Again, with this situation, it’s OK to start small, if you need to limit your investment. But don’t the skimp on platform. Go with a quality WordPress-based site now and save yourself the headaches later. Choosing a DIY site-builder at this stage of business is guaranteed to cause issues – like finding out that you can’t add a key new feature into your site: scheduling system, store, or payment processing.

The Marketing Platform Site

Maybe you’re a little more established, and you’ve got a marketing plan and budget. Here you need a website as a public forum to prove that you are the best in your field. A polished site with quality content can become a quotable source for an individual or media outlet looking for information. Creating shareable content presented in a professional manner can help turn your current clients into marketing agents. Need to rank on Google? This is the kind of site you want – content robust, thoughtful user experience, good calls-to-action.

This type of site has a long-term plan to show potential clients that you are a knowledgeable, trustworthy professional, winning their business is much easier. Also, when you get attention or awards through media such as Angie’s List, Better Business Bureau, or even local news sites you need a website to funnel new clients directly to your business. Those venues have already done the most difficult part of recruiting new clients: identifying potential customers. It is essential to build the bridge that turns interested customers into happy clients.

A critical investment for this type of site is a blog: your pedestal for having an extended conversation with your online audience.

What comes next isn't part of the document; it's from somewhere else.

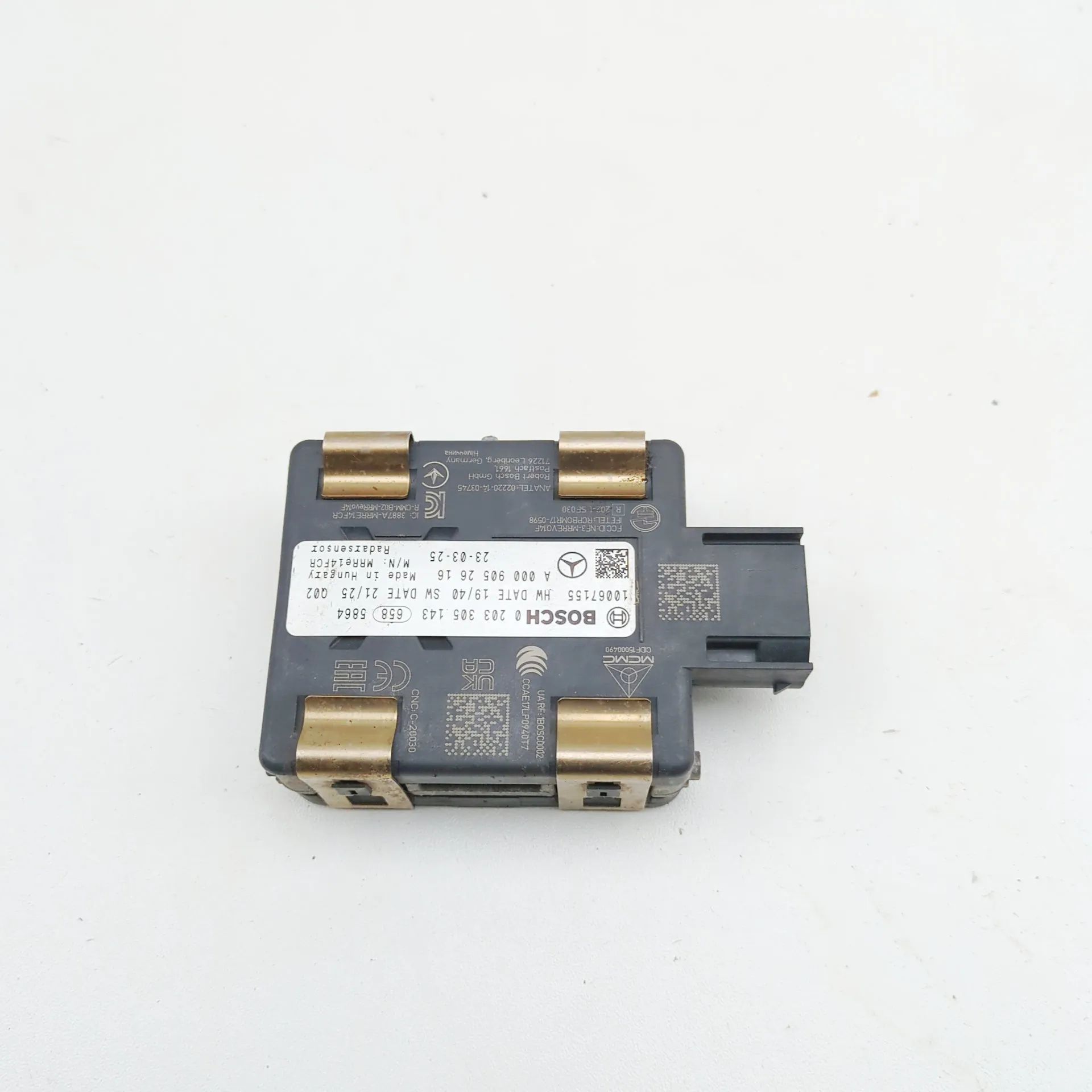 Mercedes-Benz CLA (C118) Distance Radar Sensor Distance Radar Sensor — MERCEDES BENZ CLA (Coup...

Like the smaller site types, good infrastructure and design are also a given. Finally, you want to make sure that the site has the right start for performance – quality, scalable hosting. Imagine a day when your content goes viral and make a plan that allows your site to flex its resources to avoid a crash.

These are 3 of the most common business sites we see. We work with business owners to help guide them to understand where and how to invest in their online presence. Want to learn more? Contact us today to learn about our packages and custom offerings.

Marketing plan mistakes you can avoid, and how.

Effective sales and marketing plan has both short AND long-term strategies in place. Short-term marketing efforts can help give your business the infusions of cash it needs to run. But to be truly successful, you also need to start sowing the seeds of your long-term marketing plan.  A quality website is a key part of that long term plan. Here are some of the top mistakes we see when it comes to your long-term marketing strategy.

#1 | “What longterm marketing plan?”

Seems fairly obvious that we should all have one, right? But we’re humans and we often make decisions that aren’t based on logic. Why yes, I will have that third doughnut. No, it’s fine. I can start my exercise plan tomorrow. Usually, these decisions aren’t intentioned. We plan to be strategic someday. But we don’t sit down and make that strategic plan. And that lack of plan can be ultimately fatal for our marketing efforts.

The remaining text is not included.